TASK REQUIREMENTS. Beginning at the line that contains "MA license plate 127RR3", reproduce the entries below exactly, ending with the line that contains "Набір для вишивання". Omit each picture.

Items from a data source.

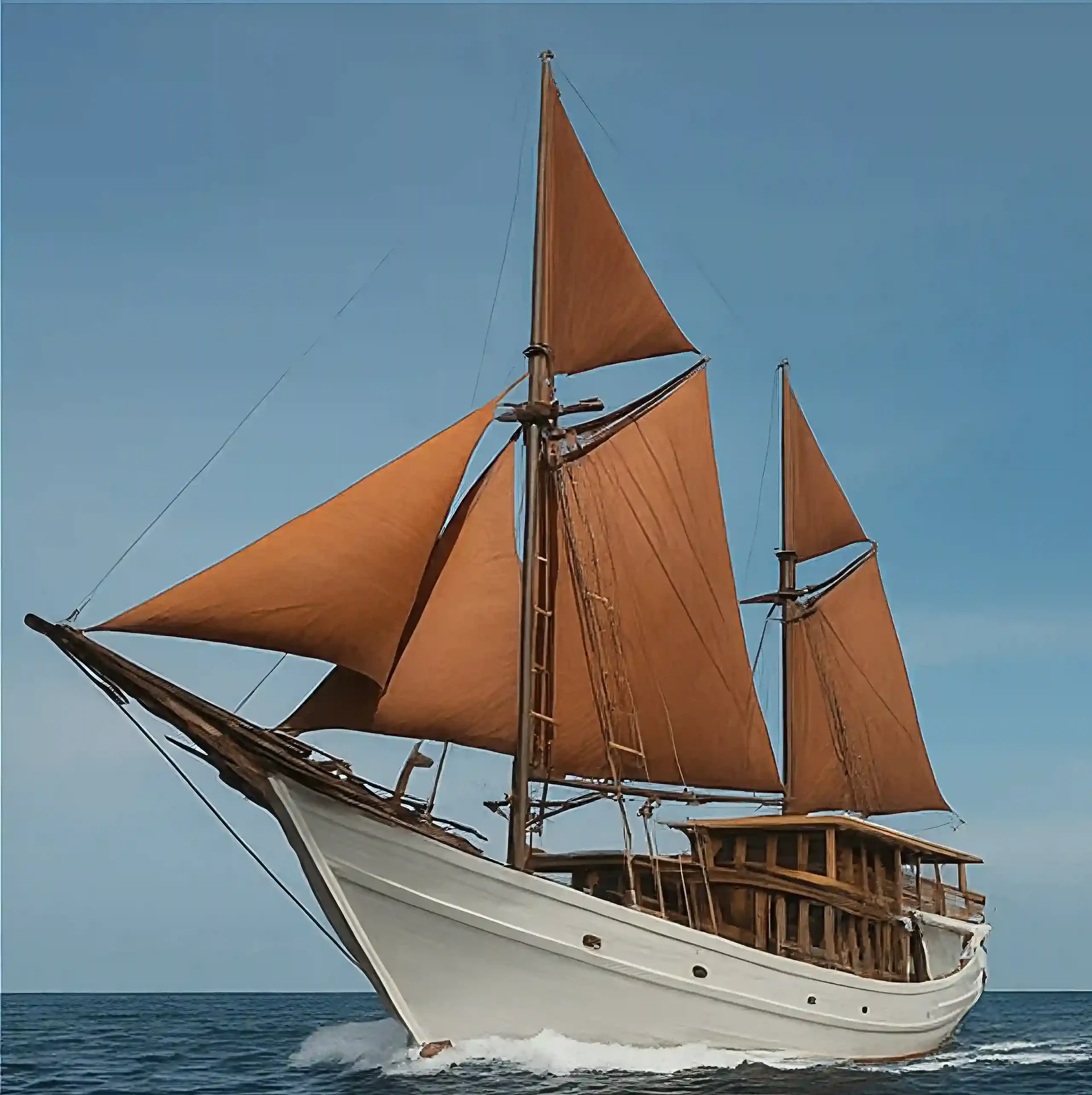 Two-masted wooden phinisi under tan sails making way on open water, the outcome of a Tana Beru commission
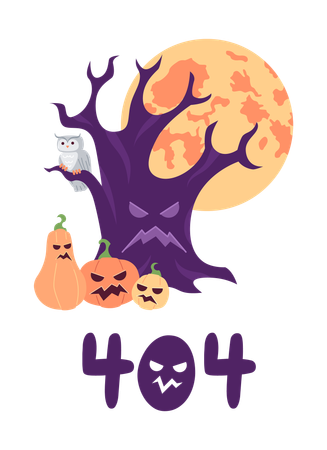 Halloween tree with scary pumpkins and full moon  イラスト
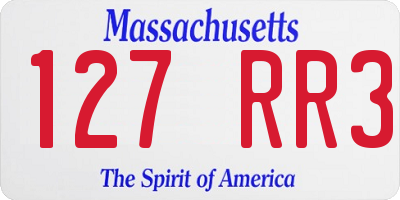 MA license plate 127RR3
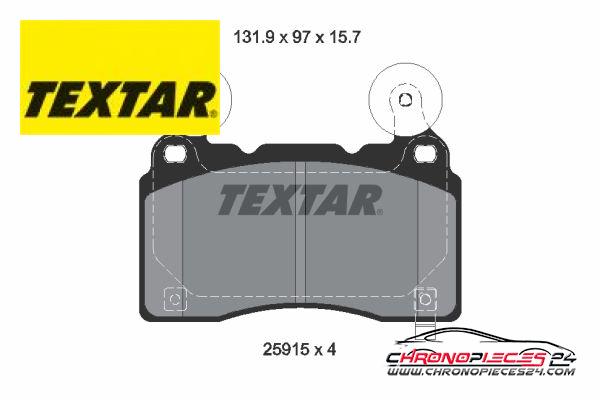 Achat de TEXTAR 2591501 Kit de plaquettes de frein, frein à disque pas chères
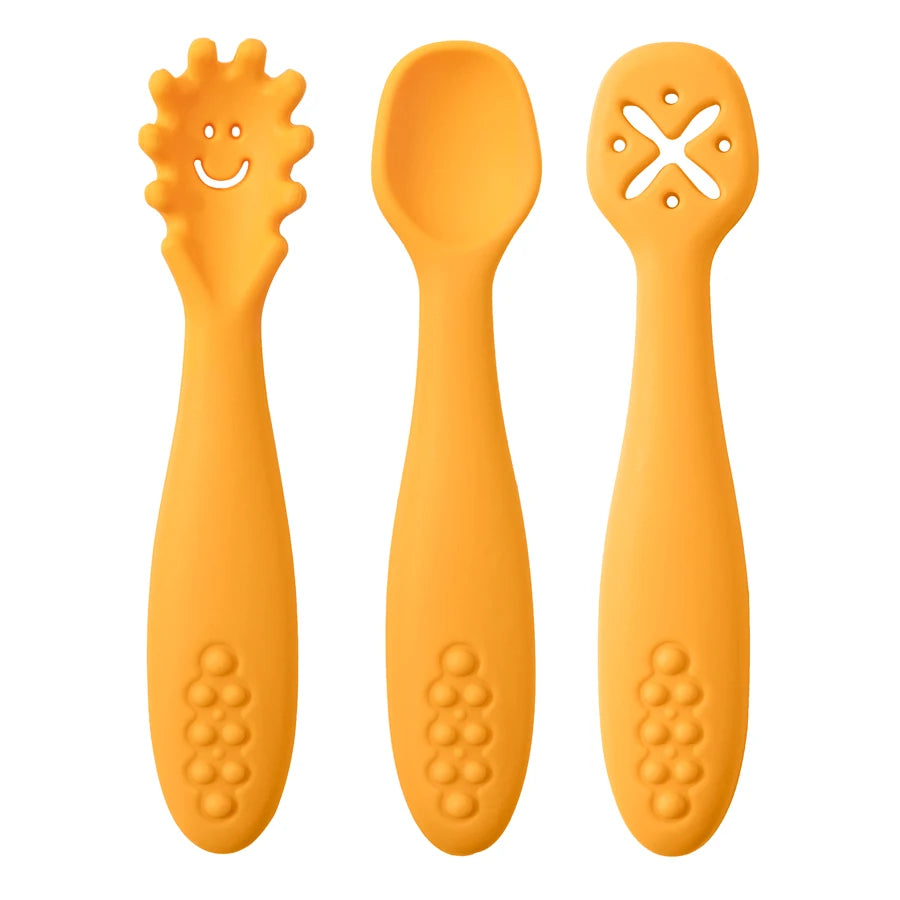 3PCS Silicone Spoon Fork For Baby Utensils Set Feeding Food Toddler Learn To Eat Training Soft Fork Cutlery Children's Tableware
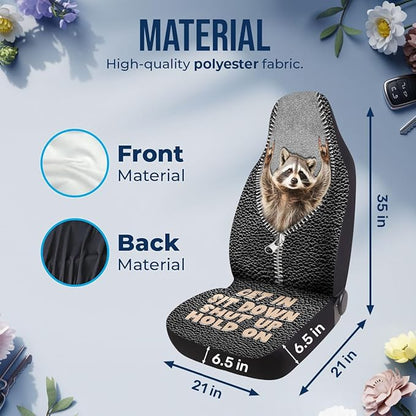 GENANY Funny Raccoon Car Seat Covers Set of 2, Racoon Breathable Front Seat Covers for Truck Sedan SUV, Funny Car Accessories, Raccoon Gift for Women Men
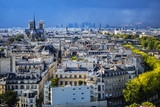 Fototapeta Paryż - Paris aerial view before the storm. France.
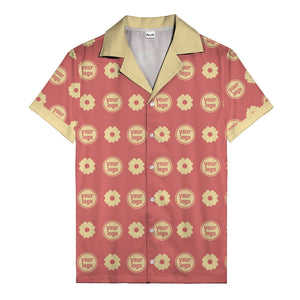 custom logo daisy repeat pattern hawaiian shirt for men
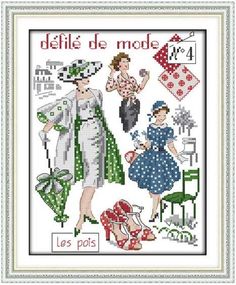 Набір для вишивання за нанесеною на канву схемою "Fashion models".  AIDA 14CT printed, 22*29 см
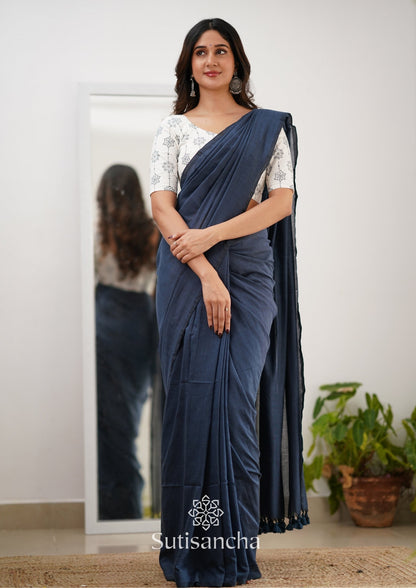 Dhiyona SS Sutisancha Gray Handloom Cotton Saree With Designer Blouse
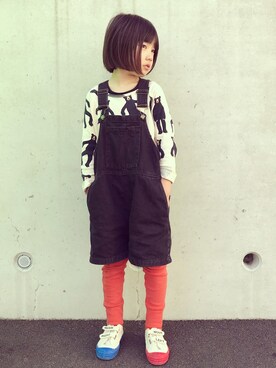 「Mini Rodini（ミニロディーニ）のアイテム（トップス）」を使った、eightmaaanさん（キッズ・125cm）の春コーディネート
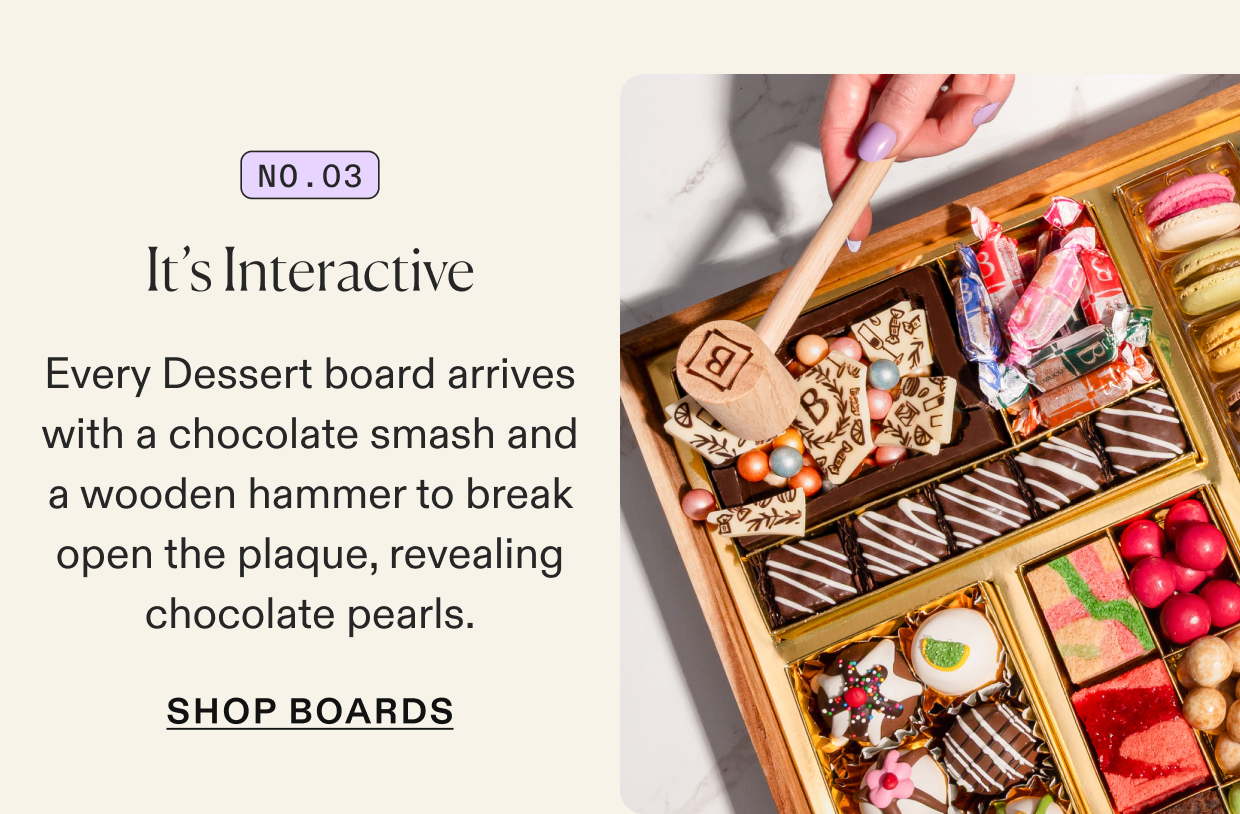 Dessert boards come with an interactive chocolate smash, click to shop dessert boards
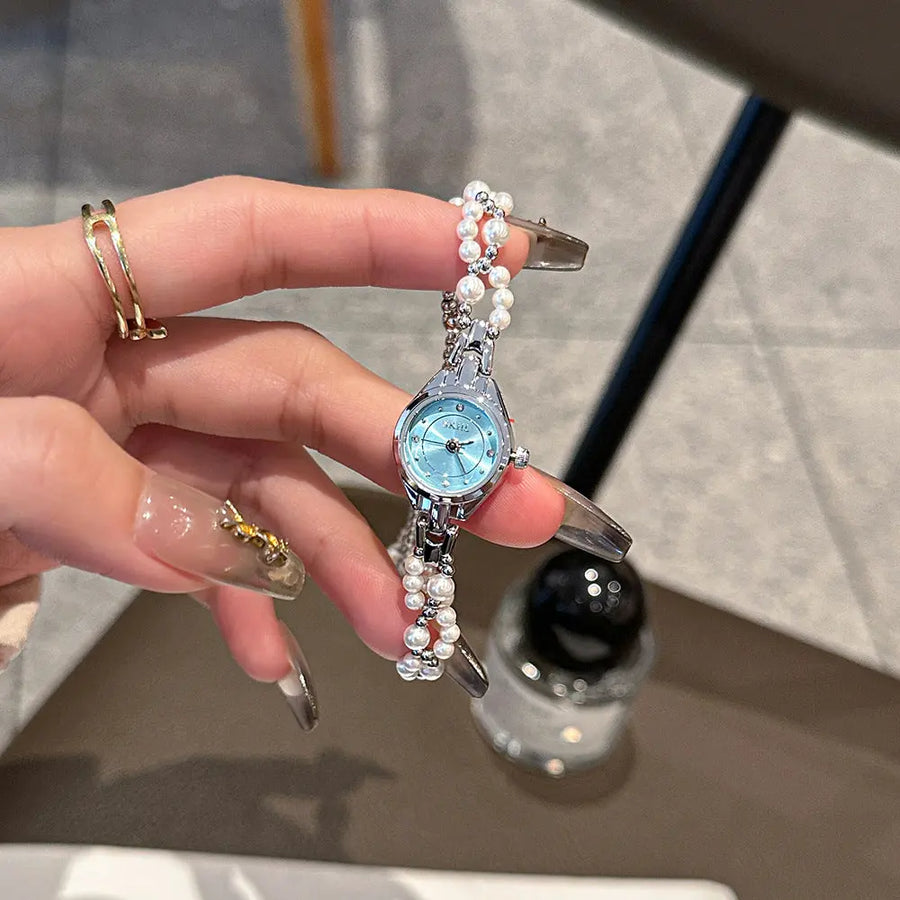 Aruary Studio ｜ Artisanal Jewelry Elegant Pearl Chain Women's Watch - 21mm Quartz Timepiece w/ Mineral Glass & Screw-Down Crown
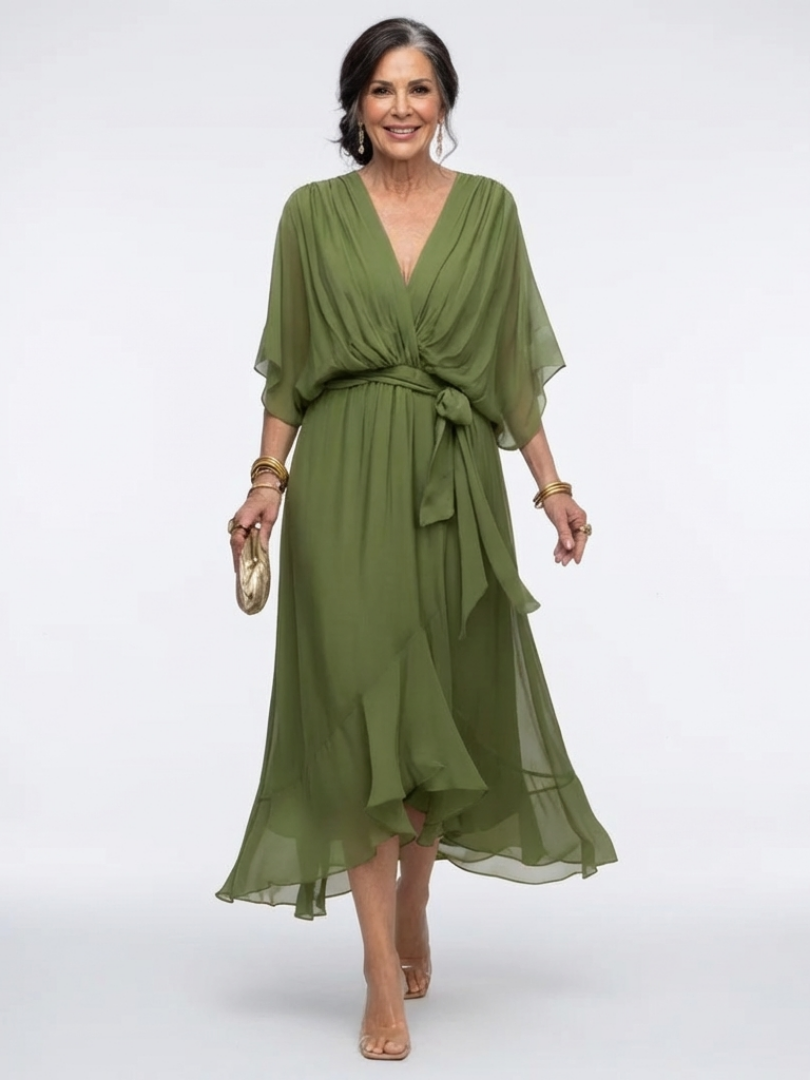 Delilah | Effortless V-Neck Tie-Waist Midi Summer Dresses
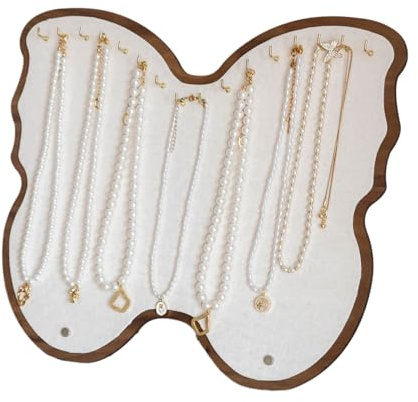 Uqezagpa Schmuckständer aus Holz mit Schmetterlingen, zum Aufhängen an der Wand, für Halsketten, Armbänder, Aufbewahrung mit Leinenstoff, eleganter Schmuckständer in Schmetterlingsform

SOLUTION.
 MA license plate 127RR3
 Achat de TEXTAR 2591501 Kit de plaquettes de frein, frein à disque pas chères
 3PCS Silicone Spoon Fork For Baby Utensils Set Feeding Food Toddler Learn To Eat Training Soft Fork Cutlery Children's Tableware
 GENANY Funny Raccoon Car Seat Covers Set of 2, Racoon Breathable Front Seat Covers for Truck Sedan SUV, Funny Car Accessories, Raccoon Gift for Women Men
 Fototapeta Paryż - Paris aerial view before the storm. France.
 custom logo daisy repeat pattern hawaiian shirt for men
 Набір для вишивання за нанесеною на канву схемою "Fashion models".  AIDA 14CT printed, 22*29 см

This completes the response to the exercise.